Trajectory-Based Community Detection

The PisCES algorithm (11) is designed to identify cluster structure that varies smoothly over adjacent developmental periods. Following CSN construction for a smooth trajectory, where the cells have been binned by similar pseudotimes, we apply the PisCES algorithm using the average CSN of each bin as input. The time-varying community structure can then be visualized using Sankey plots.

Runtime of locCSN

The CSN approach can be computationally intensive because we compute a test statistics for each pair of genes and each cell; however, a number of speed ups are possible. By replacing cells with metacells (20), we can reduce the computational complexity substantially. We also provide an approximate CSN calculation by partitioning the outcome space for each pair of genes into a grid. Cells that fall into the same grid yield the same test statistic. With these approximations, CSN can be readily applied to larger datasets with good accuracy (SI Appendix, section 8 and Fig. S22). Computational time can also be reduced by limiting the number of genes. While a large number of genes are expressed overall, a relatively modest number of genes are expressed in each cell type, and it is natural to restrict analysis to this subset. Another option is to limit investigation to genes of particular biological interest, such as those implicated in disease or involved in biological processes of interest. Alternatively, to construct a network for a large number of genes (∼1,000), the CSN computation can be applied to each gene pair in parallel.

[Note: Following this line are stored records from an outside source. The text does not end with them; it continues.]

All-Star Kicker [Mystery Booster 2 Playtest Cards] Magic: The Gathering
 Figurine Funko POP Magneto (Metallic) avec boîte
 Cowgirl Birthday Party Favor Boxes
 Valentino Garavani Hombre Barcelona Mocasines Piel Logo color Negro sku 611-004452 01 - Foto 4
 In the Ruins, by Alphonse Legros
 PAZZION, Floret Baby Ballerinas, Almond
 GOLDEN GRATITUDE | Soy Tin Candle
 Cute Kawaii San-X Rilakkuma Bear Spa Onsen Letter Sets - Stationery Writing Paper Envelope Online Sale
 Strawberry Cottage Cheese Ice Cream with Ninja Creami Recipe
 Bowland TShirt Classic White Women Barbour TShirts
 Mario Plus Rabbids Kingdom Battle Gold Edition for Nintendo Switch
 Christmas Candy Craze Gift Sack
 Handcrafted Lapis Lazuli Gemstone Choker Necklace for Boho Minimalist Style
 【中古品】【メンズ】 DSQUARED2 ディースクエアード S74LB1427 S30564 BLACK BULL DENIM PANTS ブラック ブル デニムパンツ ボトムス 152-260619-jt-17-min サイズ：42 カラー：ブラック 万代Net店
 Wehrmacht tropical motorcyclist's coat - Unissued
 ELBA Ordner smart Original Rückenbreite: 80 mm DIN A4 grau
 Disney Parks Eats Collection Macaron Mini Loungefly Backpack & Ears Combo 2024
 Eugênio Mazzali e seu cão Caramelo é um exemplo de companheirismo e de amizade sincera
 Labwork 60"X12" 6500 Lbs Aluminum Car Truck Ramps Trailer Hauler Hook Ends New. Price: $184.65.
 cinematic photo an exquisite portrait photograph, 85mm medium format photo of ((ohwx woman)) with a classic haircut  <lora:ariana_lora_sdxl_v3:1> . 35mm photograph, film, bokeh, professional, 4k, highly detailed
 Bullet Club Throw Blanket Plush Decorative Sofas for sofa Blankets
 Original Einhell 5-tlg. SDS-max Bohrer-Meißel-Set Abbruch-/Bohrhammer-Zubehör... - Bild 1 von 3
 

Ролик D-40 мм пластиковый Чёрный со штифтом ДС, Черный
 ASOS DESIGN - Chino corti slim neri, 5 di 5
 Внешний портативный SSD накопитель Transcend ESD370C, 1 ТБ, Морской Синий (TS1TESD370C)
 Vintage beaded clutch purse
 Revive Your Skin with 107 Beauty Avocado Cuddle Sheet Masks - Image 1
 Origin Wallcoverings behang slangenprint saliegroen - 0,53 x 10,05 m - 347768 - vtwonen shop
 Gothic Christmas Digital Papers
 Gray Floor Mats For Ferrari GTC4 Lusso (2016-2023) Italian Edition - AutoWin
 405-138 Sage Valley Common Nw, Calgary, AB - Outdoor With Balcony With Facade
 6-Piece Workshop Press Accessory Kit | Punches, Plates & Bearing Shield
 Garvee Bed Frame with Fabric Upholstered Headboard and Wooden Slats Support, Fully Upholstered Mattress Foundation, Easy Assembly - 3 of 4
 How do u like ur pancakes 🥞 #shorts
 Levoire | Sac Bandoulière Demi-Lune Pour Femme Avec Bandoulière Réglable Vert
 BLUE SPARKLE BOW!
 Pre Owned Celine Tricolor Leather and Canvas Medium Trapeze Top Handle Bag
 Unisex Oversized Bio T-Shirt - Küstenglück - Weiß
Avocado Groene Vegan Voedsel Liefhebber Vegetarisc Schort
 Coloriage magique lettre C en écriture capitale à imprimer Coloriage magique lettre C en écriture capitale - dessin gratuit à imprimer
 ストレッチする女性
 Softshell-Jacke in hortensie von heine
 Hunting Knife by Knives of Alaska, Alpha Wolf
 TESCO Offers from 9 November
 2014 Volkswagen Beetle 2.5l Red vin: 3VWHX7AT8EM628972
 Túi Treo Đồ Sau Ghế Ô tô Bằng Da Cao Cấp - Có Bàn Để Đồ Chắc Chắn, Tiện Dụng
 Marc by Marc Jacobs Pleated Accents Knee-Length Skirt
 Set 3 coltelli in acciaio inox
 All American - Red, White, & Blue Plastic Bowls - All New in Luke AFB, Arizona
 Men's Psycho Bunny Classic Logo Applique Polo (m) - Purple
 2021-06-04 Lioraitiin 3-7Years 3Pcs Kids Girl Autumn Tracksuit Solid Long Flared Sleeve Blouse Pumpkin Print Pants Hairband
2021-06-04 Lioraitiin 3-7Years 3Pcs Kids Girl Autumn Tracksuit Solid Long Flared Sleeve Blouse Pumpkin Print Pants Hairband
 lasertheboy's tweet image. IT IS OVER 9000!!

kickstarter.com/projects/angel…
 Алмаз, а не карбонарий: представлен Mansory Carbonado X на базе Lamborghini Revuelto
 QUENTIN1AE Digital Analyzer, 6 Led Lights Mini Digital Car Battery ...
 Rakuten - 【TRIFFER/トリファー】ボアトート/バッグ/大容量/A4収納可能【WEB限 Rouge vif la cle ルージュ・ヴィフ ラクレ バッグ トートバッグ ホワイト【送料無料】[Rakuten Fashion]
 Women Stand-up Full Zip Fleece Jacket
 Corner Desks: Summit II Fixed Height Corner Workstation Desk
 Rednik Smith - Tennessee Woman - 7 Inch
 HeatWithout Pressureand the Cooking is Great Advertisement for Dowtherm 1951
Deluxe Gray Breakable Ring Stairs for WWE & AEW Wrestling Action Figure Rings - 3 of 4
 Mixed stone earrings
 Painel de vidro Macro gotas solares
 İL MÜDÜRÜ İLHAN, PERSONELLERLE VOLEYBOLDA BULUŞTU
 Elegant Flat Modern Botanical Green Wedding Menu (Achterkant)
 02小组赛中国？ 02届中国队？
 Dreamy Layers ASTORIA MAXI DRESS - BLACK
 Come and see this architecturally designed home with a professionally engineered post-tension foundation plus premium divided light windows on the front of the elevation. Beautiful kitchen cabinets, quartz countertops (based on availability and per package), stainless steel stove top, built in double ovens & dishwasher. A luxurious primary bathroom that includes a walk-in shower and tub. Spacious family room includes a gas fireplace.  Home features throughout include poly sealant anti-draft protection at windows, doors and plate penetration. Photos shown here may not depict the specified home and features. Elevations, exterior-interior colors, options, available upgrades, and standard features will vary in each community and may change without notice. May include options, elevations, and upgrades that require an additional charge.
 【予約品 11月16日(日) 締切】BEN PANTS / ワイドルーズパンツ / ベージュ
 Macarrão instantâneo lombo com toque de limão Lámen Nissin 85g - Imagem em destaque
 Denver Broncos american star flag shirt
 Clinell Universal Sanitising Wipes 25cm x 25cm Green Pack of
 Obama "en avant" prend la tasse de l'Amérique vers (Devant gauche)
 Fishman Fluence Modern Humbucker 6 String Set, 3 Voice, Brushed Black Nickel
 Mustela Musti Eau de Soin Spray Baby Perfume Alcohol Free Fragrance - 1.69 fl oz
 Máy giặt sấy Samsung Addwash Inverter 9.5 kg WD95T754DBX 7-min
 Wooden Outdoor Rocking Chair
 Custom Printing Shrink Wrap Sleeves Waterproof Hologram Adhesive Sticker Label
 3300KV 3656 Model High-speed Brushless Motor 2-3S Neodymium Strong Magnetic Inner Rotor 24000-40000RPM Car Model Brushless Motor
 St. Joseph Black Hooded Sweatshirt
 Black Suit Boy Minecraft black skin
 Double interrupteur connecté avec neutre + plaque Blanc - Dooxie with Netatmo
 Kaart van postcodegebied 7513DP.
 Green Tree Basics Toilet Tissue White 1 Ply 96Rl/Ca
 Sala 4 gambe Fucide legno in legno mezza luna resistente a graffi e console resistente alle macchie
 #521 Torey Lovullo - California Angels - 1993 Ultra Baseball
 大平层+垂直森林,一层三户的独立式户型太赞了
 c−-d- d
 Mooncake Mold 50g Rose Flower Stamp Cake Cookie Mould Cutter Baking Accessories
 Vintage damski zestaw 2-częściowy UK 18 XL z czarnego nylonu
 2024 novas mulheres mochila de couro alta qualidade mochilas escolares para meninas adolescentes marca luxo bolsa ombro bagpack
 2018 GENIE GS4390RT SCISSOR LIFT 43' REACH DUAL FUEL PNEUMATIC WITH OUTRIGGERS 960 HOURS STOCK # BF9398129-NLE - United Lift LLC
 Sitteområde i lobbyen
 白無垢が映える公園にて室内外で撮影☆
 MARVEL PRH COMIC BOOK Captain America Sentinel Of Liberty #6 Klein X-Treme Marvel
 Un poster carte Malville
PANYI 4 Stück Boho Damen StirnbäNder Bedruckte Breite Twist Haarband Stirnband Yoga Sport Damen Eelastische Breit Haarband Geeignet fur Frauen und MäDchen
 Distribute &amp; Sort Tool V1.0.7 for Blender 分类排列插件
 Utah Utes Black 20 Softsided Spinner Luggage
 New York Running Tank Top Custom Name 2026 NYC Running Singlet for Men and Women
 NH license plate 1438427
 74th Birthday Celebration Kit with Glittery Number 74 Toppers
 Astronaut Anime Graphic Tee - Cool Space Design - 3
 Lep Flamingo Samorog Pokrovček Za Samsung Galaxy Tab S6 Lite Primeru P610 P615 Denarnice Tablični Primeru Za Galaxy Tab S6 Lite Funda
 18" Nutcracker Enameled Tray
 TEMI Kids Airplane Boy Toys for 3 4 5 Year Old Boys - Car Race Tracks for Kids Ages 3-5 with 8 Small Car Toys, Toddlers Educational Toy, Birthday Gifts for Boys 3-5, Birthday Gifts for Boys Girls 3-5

If only the average CSN is required, cells may be sampled (stratifying within cell type) to reduce computation. To accommodate massive datasets, a possible direction for future work might be to consider fast or vectorizable implementations. This may require precomputation of required quantities; for example, computing the window counts $n_{xy}^{(j)}$ for all cells j might be vectorizable by first constructing a two-dimensional cumulative distribution function of cell counts for a given gene pair.

The examples of runtime against input matrix size are shown in SI Appendix, Table S16. Runtimes are measured under Python 3.7.6 [MSC v.1916 32 bit (Intel)]. The runtimes for real data analysis are provided in SI Appendix, Table S17.

Data Availability

All data used in this manuscript are publicly available. The description of dataset for analysis is in SI Appendix, section 9. The accession numbers and links of third-party high-throughput sequencing data obtained from the Gene Expression Omnibus and European Bioinformatics Institute databases are listed in SI Appendix, Table S18, respectively. All of the code used in these analyses is covered by the MIT License and is available from GitHub: https://github.com/xuranw/locCSN.

Previously published data were used for this work (15, 16, 18).

Change History

January 21, 2022: The byline has been updated.